Mais dans ce lieu où le vivant et l’artificiel sont contraints à une cohabitation forcée, il n’est point question de nature. Plutôt de beauté. Production d’une beauté  aux normes établies, conforme aux goûts, destinée à l’exportation, à un retour dans l’espace du jardin ou de la maison, à une vie  brève dans un vase choisi, sur la table du salon.
 
Comment échapper à une détermination aussi inexorable, à des structures aussi rigides ?
Dans mes photographies en noir et blanc, la couleur diffuse sa propre lumière. C’est elle qui ramène la vie, c’est par elle que l’espace se desserre. Elle investit les surfaces, approfondit la matière, sculpte les volumes. Sa douceur interroge la structure donnée, sa sensualité met à portée de main ce que le regard touche à distance.
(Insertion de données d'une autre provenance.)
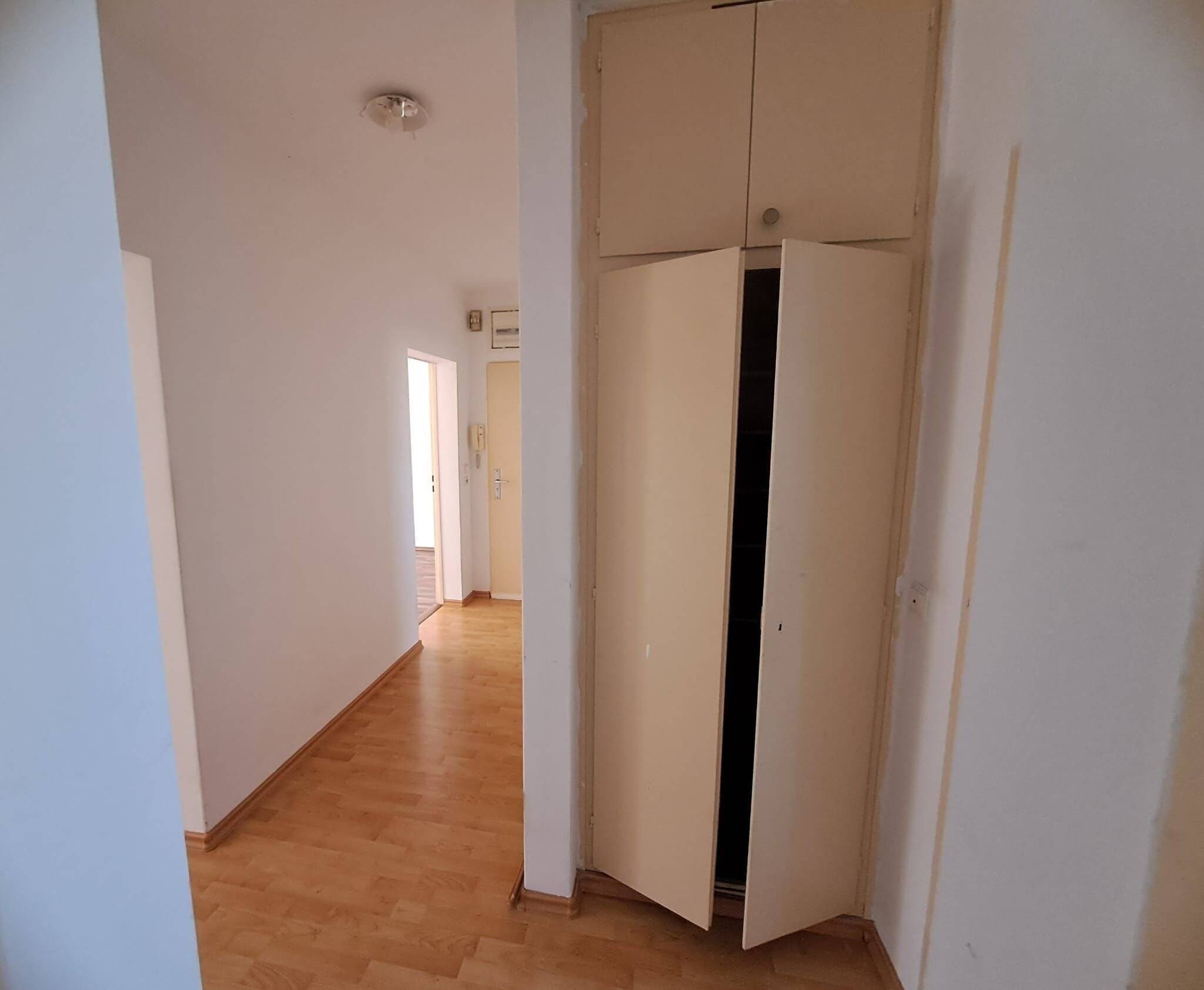 Property thumbnail 9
Grignotés par le temps, accrochés aux grains du tirage, des fragments d’écriture s’infiltrent comme de la mauvaise herbe. Insoumis, épris de liberté, ils ont déserté leur manuel de jardinage, Le jardinier provençal, et, se jouant de l’impératif de la phrase structurée, viennent habiter cet univers différent. Comme la couleur, seule trace d’un rêve évanescent, ils émergent d’un contexte oublié. Des mots aux sens multiples, points de suspension à limage photographique. Ils en lacèrent l’évidence et ouvrent une brèche poétique dans les lieux clos et confinés de ces espaces de culture.
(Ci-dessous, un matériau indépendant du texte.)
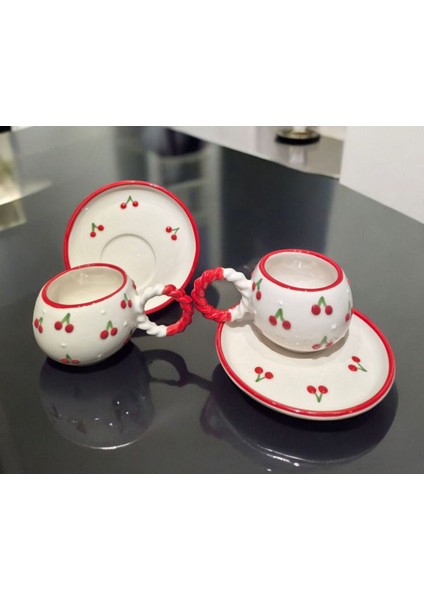 Kırmızı Kiraz Desenli Kabartmalı El Işlemeli 4'lü Fincan Takımı fiyatları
Face à ces images, tel un lointain écho, des petites photographies en noir et blanc glanent  par terre et dans l’espace certains détails qui renvoient à la main de l’homme et aux techniques de fabrication. Ces fragments d’un réel d’apparence anodine, où les objets prennent des allures surréalistes, sont enchâssés dans des cadres-boîtes. A l’instar d’une collection d’insectes épinglés, ces petits espaces de culture conservent les traces éphémères d’un quotidien. Serres miniatures où l’on cultive ce qui n’est pas à vendre.